Quand les biohackers traquent le cheval dans vos assiettes
Publié le 3 février 2015 par Carine Claude
Impossible de savoir ce que vous mangez vraiment ? Biohackers et start-ups imaginent des prototypes pour découvrir la face cachée de notre alimentation.
Scandales de la viande industrielle, traçabilité aléatoire, explosion des OGM, chute de la qualité nutritionnelle des aliments, bio qui n’en est pas toujours… Pour le consommateur, savoir ce qu’il met dans son assiette relève du jeu de piste. Ces questions titillent les biohackers, qui, de green hackathon en food hacking, multiplient les prototypes pour analyser les aliments, gérer le gaspillage et revenir à une économie raisonnée de la production agricole. Quelque part entre enjeu de santé publique et prise de conscience citoyenne. Car la course au rendement se fait inexorablement au détriment de la qualité de l’alimentation et de la diversité des variétés cultivées.
Dans son étude Still No Free Lunch, Brian Halweil, chercheur à l’institut de recherche indépendant Worldwatch Institute, analyse une dizaine de travaux universitaires publiés depuis 1997. La conclusion est édifiante, qui confirme « l’essor de la « calorie vide » : grasse, sucrée, mais inutile pour la santé ». Selon Rue89, « même dans les aliments réputés sains, vitamines A et C, protéines, phosphore, calcium, fer et autres minéraux ou oligo-éléments ont été divisés par deux, par 25, voire par 100, en un demi-siècle ». Bref, il faudrait ingurgiter 100 pommes pour retrouver le niveau nutritionnel d’une Golden des années 1950!
Traquer l’ADN dans les assiettes
En 2013, le biohacklab parisien La Paillasse avait développé une version « quick and dirty » du DNA barcoding, cette méthode d’analyse biologique permettant de déterminer une signature génétique. Et donc de savoir si un aliment est OGM ou encore de connaître l’origine de la viande dans des produits agroalimentaires.
Sauf que cette méthode, fort pratique pour « déterminer de quoi sont faites vos lasagnes », est longue et coûteuse lorsque l’on s’adresse au leader européen du secteur, Eurogentec, qui facture 200 euros et demande un délai de 3 jours par échantillon. D’où l’idée de Thomas Landrain, co-fondateur de la Paillasse, « de cracker les méthodes actuelles et mettre au point une méthode de DNA barcoding la moins chère et la plus rapide possible, du DNA barcoding en mode Quick and Dirty ! En sacrifiant de la sensibilité à la méthode, nous avons réussi à réduire le temps d’analyse à 4 heures (au lieu de 3 jours !) et pour un coût de 3 à 5 euros (au lieu de 200 euros) par échantillon », explique-t-il sur le site du biohacklab. Le protocole est documenté sur le wiki de la Paillasse, qui organise des ateliers de DNA barcoding pour se faire la main.
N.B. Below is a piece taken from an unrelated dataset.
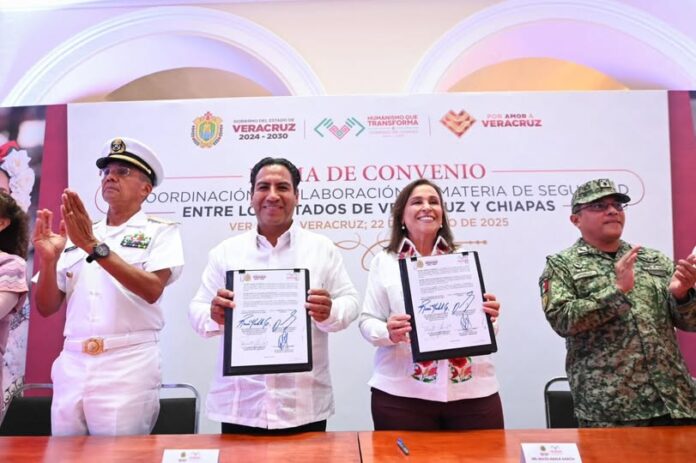 Sur del país se fortalece en seguridad con acuerdo entre Veracruz y Chiapas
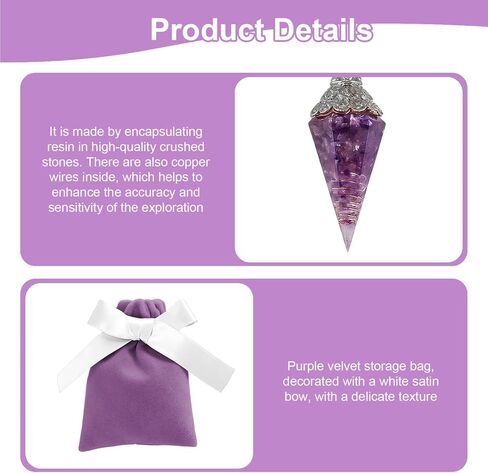 Amethyst Crystal Pendulum for Divination and Energy Balancing, Resin Hexagonal Pointed Cone Pendant with Chain, Witchcraft Supplies and Dowsing Tool for Meditation，Valentine's Day Gifts in Kuwait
Passer les nutriments au détecteur de mensonge
L’autre parade pour savoir ce que racontent vos fruits et légumes ? Les passer au détecteur. Longtemps réservés à l’industrie agroalimentaire, les analyseurs de nutriments font doucement leur apparition sur le marché. En 2014, la start-up israélienne Consumer Physics a levé 2,8 millions de dollars sur Kickstarter (sur 200.000 $ demandés) pour le prototype de son SCiO, un analyseur de composition moléculaire format poche qui sera commercialisé 249 $ en juillet 2015.
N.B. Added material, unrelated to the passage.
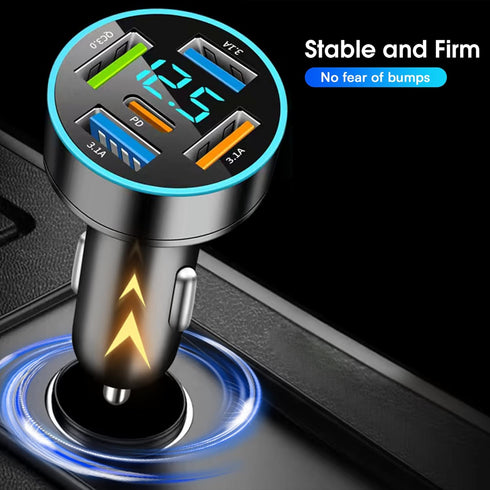 66W Car Charger Adapter 5 Port USB Car Charger PD 30W QC3.0 3.1A Car Cigarette Lighter USB Charger with LED Voltmeter Fast Car Charger Compatible ...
Le principe ? Grâce à un système de spectroscopie proche infrarouge (NIR), l’appareil scanne l’aliment et décrypte sa composition moléculaire directement sur smartphone. Taux de sucre, de graisse, présence d’allergènes, il analyse aussi bien aliments que médicaments, composition des sols, etc.
Vidéo de démonstration du prototype du SCiO (en anglais) :
Dans un autre registre pas franchement maker, le Lapka Organic, un détecteur américain de culture biologique pour fruits et légumes commercialisé 79 €, est conçu pour repérer les quantités de nitrates dus à l’utilisation d’engrais synthétiques. Il est donc capable de déterminer si la pomme achetée sous label bio a bien été cultivée selon les normes de l’agriculture biologique.